Multimorbidity: a two-way street

Nearly half of all patients admitted to hospital have more than one health problem. The concept of co morbidity is not new. It has been around since the 1970s.

Depression is not the end of a one-way street. It can be the cause of other illnesses.

What is new, however, is that where more than one condition exists, our linear approach to a single diagnosis and a single treatment doesn’t quite work.

Take depression. Nearly one third of patients admitted to hospital suffer from depression. The depression recognised in these patients is not always a sequel to another health problem. Historically, we have believed that depression is the result of something else: a triggering factor such as another psychiatric problem or a genetic predisposition.

We now know that the route to depression is not a one-way street: rather than just being the result of another illness, depression can be the cause other illnesses. It is a two-way street.

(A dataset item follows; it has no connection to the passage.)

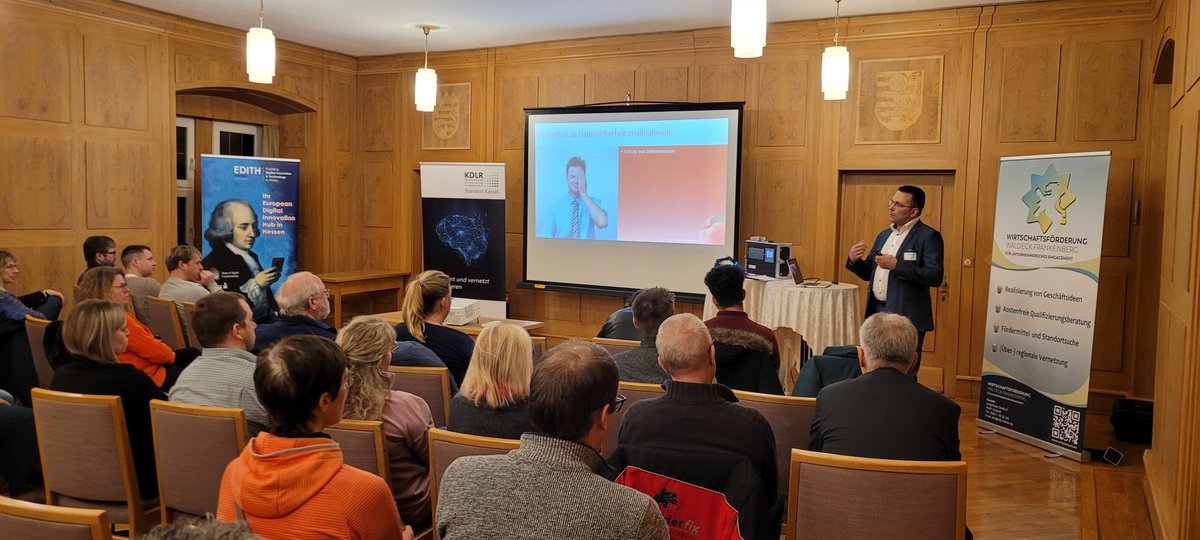 hodt_hessen's tweet photo. Fazit zu IT-Sicherheit für Unternehmen am 31. Januar 2024 in Frankenberg (Eder). Die Veranstaltung war sehr gut besucht und die Referenten gaben alles, um IT-Sicherheit für kleine und mittelständische Unternehmen im ländlichen Raum greifbar zu machen. #KDLR https://t.co/qmOtMXji1z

One in six people with diabetes are likely to experience depression and depressed people are three times more likely to suffer subsequently from diabetes than the general population. Similarly,depression and physical frailty in later life have a bidirectional association: each of them can cause the other.

It not just depression or other reactive mental health problems that challenge current thinking about sequential diagnosis and what comes first. Bidirectional relationships have been found in a range of health conditions, for example periodontitis is related to a range and of comorbidities including cardiovascular disease, diabetes, rheumatoid arthritis, osteoporosis, Parkinson’s disease, Alzheimer’s disease, psoriasis, and respiratory infections.

Bidirectional causes of disease will alter the way we practice medicine. Rather than the old way, where relative severity and urgency is assigned to each problem and then each one is treated in series, we will have to deal with multiple problems all at once.

Sometimes this may result in uncomfortable decisions. For example, cancer is very serious but delaying treatment by one week probably doesn’t make any difference to the final outcome. Whereas delaying treatment for depression may be more likely to result in serious consequences beyond mental health.

Managing each disease as a distinct clinical entity rarely works to address the aggregate effects of interacting chronic conditions, so understanding if there is a clear cut causology becomes important.

For example, we know a lot about the direct relationship between obesity, diabetes and heart disease. Clinicians who deal with these patients are skilled in managing weight, lipids and sugar within a matrix of treatments. As more and more bidirectional associations are described integrated care rather than sequential care will become the treatment of the future.